YOUR OBJECTIVE: Transcribe the following entries letter for letter, without the pictures.
*** RECORDS SUPPLIED Section Begins ***
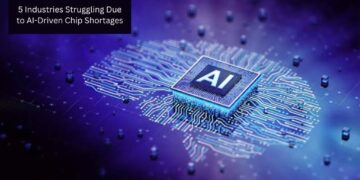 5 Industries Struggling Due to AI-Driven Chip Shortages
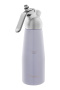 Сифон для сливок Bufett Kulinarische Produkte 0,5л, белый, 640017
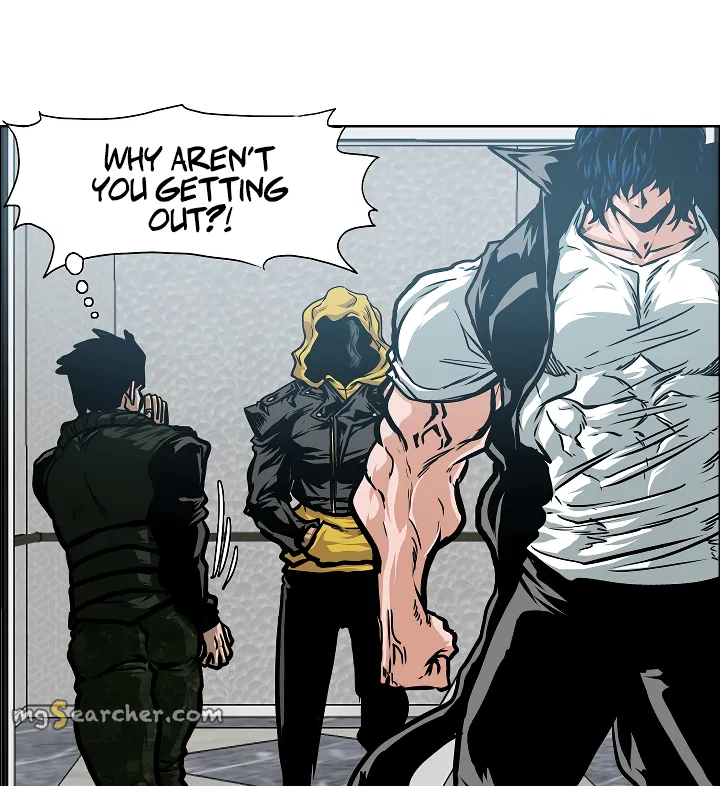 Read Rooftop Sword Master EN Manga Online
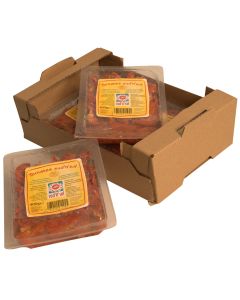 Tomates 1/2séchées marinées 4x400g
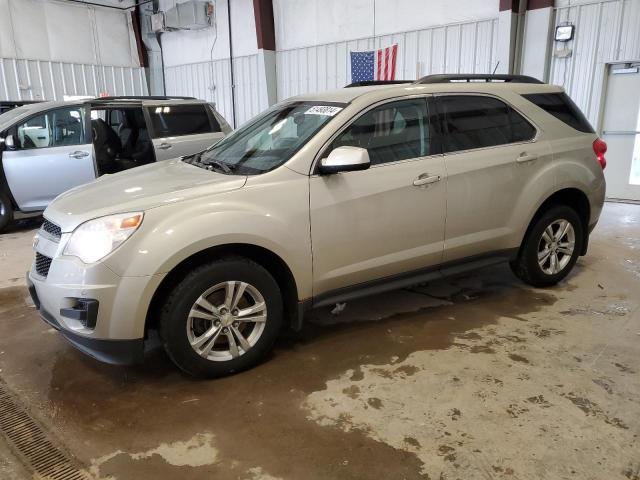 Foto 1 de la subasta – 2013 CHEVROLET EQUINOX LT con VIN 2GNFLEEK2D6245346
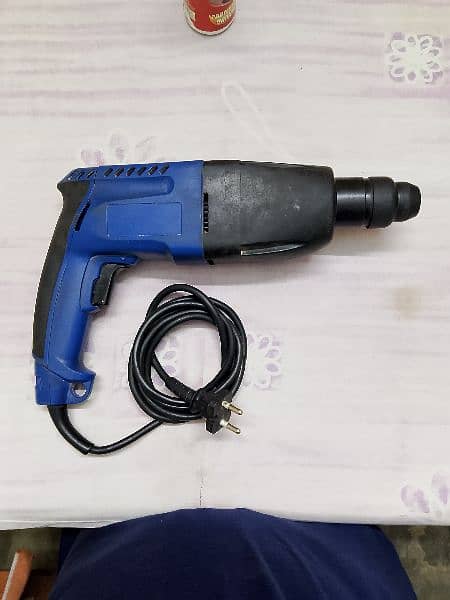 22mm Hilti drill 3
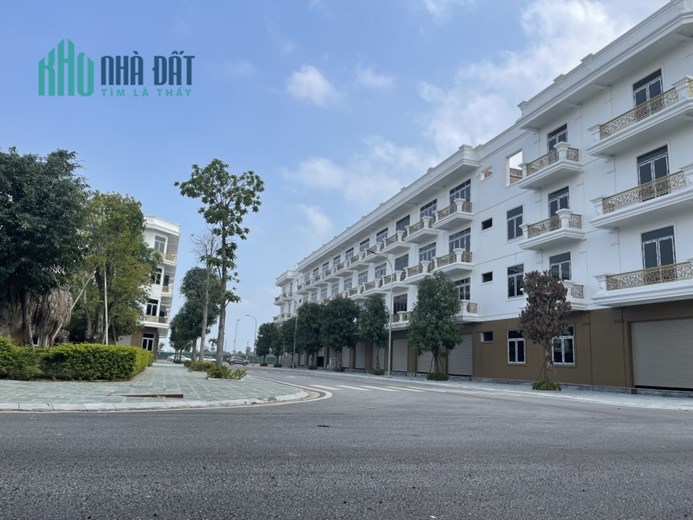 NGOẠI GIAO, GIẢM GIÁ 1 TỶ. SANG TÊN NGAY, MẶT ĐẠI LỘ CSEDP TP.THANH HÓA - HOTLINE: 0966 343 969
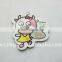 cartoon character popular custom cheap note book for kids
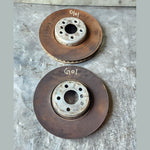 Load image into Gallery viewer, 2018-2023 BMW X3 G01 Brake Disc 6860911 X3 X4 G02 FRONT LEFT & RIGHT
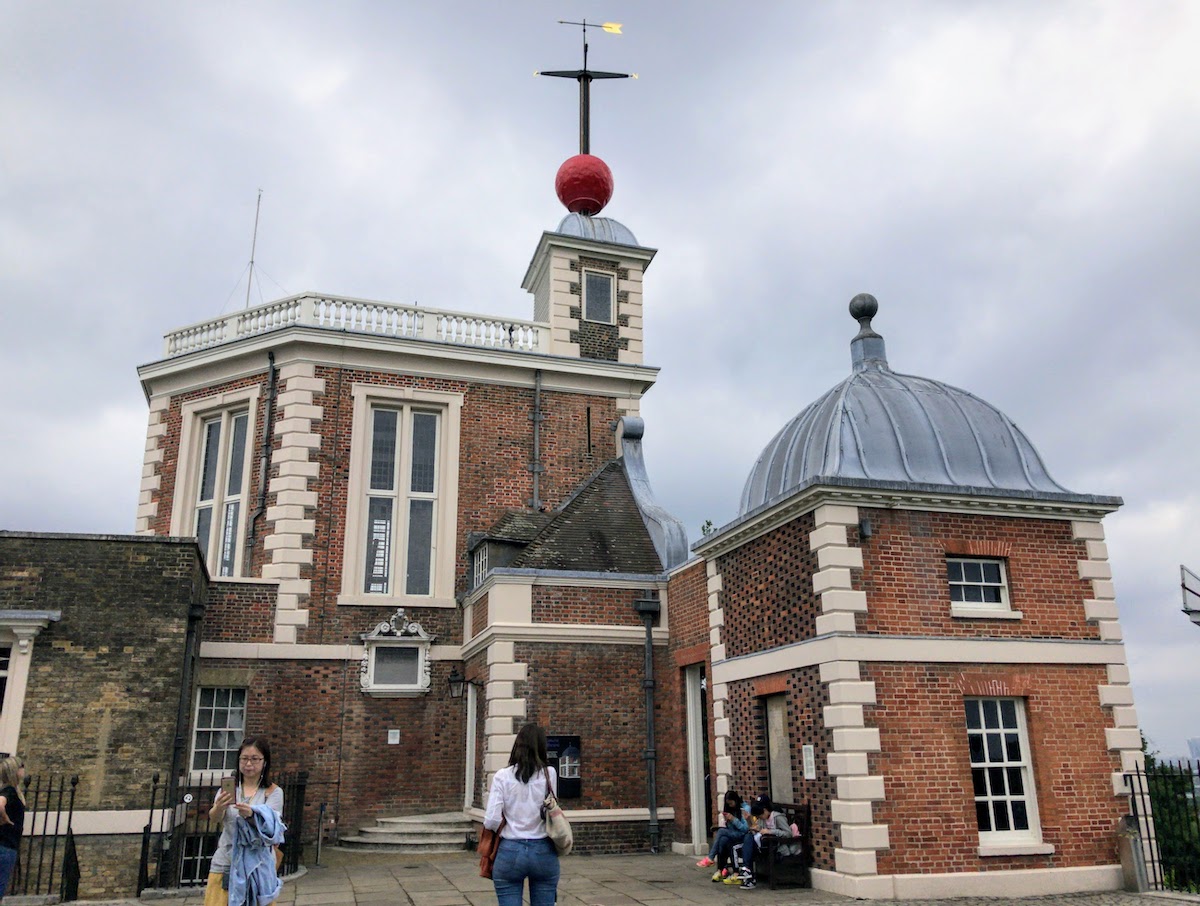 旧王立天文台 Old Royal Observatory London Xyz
*** RECORDS SUPPLIED Section Ends ***
WRITTEN ANSWER:
 5 Industries Struggling Due to AI-Driven Chip Shortages
 Сифон для сливок Bufett Kulinarische Produkte 0,5л, белый, 640017
 Read Rooftop Sword Master EN Manga Online
 Tomates 1/2séchées marinées 4x400g
 Foto 1 de la subasta – 2013 CHEVROLET EQUINOX LT con VIN 2GNFLEEK2D6245346
 22mm Hilti drill 3
 NGOẠI GIAO, GIẢM GIÁ 1 TỶ. SANG TÊN NGAY, MẶT ĐẠI LỘ CSEDP TP.THANH HÓA - HOTLINE: 0966 343 969
 cartoon character popular custom cheap note book for kids
 Load image into Gallery viewer, 2018-2023 BMW X3 G01 Brake Disc 6860911 X3 X4 G02 FRONT LEFT & RIGHT
 旧王立天文台 Old Royal Observatory London Xyz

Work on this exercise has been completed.